Plus les ans passent, plus je râle après les multiples changements qui s'opèrent dans les pages de Fluide Glacial, vénérable pilier de l'humour en kiosque qui s'étiole avec l'âge.
Pourtant, deux de ses chroniqueurs les plus ancestraux résistent encore et toujours à ce qu'un vieux con comme moi - car il n'y a que les vieux cons pour penser ça,
c'est certain ! - appelle la "baisse de qualité du magazine" : Bruno
LEANDRI et Yves FREMION.
Le fait que tous deux portent la moustache a peut-être un rapport avec le fait que leur humour mâtiné d'érudition modeste n'a pas pris une ride, contrairement à
leurs mines grisonnantes.
Le fait qu'ils suivent les folles aventures du chantre de "l'umour" depuis de longues années n'y est sans doute pas étranger non plus.
Le premier nous régale, au fil de ses milliers de pages de ses Chroniques du dérisoires, d'anecdotes riches, pertinentes, troublantes, et résolument
authentiques qui confirment que le monde est bien plus barré qu'il n'y paraît. Il a également à son actif plusieurs centaines de nouvelles dont il savait nous régaler mensuellement, avec un sens
du brio (si, si) et de la surprise toujours renouvelés (sic). Espérons que les rendez-vous manqués de ces derniers temps (pas de nouvelle, bonne nouvelle ? Ben pour le coup, non !) ne sont que
temporaires.
Le second, entre un calembour foireux, une chronique postale aléatoire et des perles livresques, passe en revue, depuis le siècle dernier, et ce n'est pas rien,
tous les grands noms de l'humour dessiné, écrit, peint, gravé, photographié, ou autre.
Ce qui lui a permis de récemment évoquer André CHABOT, que je ne connaissais pas (ne perdons pas de temps ici à revenir une nouvelle fois sur
l'ampleur de mon inculture).
André CHABOT, donc, nécrosophe comme il se présente sur son site internet. Un peu comme Bertrand BEYERN,
autre familier des cimetières d'ici et d'ailleurs, que l'on croise moins sur la toile, mais plus souvent au Père-Lachaise (même s'il me semble se faire rare ces derniers temps. Espéront qu'il
n'ait pas poussé la coquetterie jusqu'à épouser son sujet de trop près !).
André CHABOT arpente les allées des champs élysées lapidaires. Appareil photo en main, oeil aux aguets, esprit vif et humour noir en bandoulière, il traque les
formes, les mots et les motifs avec précision et poésie (oui, la poésie, comme l'humour, se niche partout, en toute liberté, faisant fi de toutes les conventions.
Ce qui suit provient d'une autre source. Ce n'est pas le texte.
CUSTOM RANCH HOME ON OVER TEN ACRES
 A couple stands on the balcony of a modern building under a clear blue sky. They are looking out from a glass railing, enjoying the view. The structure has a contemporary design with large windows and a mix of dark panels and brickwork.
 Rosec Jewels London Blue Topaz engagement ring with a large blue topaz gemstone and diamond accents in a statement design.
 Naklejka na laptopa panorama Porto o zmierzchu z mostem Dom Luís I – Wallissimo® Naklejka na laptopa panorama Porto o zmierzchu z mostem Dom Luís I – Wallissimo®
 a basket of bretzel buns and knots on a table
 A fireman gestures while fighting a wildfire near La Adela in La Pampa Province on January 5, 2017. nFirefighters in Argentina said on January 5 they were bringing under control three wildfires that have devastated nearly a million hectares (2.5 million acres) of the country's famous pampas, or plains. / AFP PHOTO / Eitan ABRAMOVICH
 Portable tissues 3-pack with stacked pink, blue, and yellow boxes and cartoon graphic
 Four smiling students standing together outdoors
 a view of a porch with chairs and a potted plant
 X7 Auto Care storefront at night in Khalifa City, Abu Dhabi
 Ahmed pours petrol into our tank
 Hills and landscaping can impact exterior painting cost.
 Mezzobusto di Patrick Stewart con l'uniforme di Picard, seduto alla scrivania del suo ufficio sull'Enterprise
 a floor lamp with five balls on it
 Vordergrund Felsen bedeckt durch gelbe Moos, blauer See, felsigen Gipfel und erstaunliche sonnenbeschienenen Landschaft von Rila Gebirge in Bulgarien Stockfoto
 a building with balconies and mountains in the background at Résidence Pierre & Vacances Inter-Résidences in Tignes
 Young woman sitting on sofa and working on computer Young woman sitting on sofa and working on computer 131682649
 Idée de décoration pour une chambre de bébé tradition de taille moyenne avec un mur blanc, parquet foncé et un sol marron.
Par définition.). Il a compilé
plus de 160 000 photographies en différentes galeries thématiques (célébrités, érotisme, flore, faune...) ou géographiques (surtout en Europe, mais pas seulement).
A ses heures perdues, il réalise également des phantasmobjets qui jouent
sur les mo(r)ts et les formes
pour nous rappeler qu'il est important de rire de tout, surtout de ce qui nous effraie. Mon île des morts, Convoi funèbre (ill. ci-contre) ou Corbillard téléguidé ne
sont que la partie émergée de cet iceberg d'humour noir.
Artiste de tous les genres, André CHABOT a aussi réalisé des tombes et des urnes (funéraires, bien sûr), ainsi que des livres qui reprennent certaines de ses images
et de ses oeuvres.
Si le sujet peut vous paraître morbide (logique) voire malsain, osez franchir le pas - et le portail - pour constater que vivants et morts ont en commun le grand
éclat de rire qui fait frémir la faucheuse et qui, quand ne nous restent plus que les os sur les os, se fige pour longtemps dans le rictus moqueur qu'arborent les crânes défunts.
Rire jusqu'au bout.
Qui a dit que nous ne retournions qu'à la poussière ?
Champimages qui se moquent même du pire.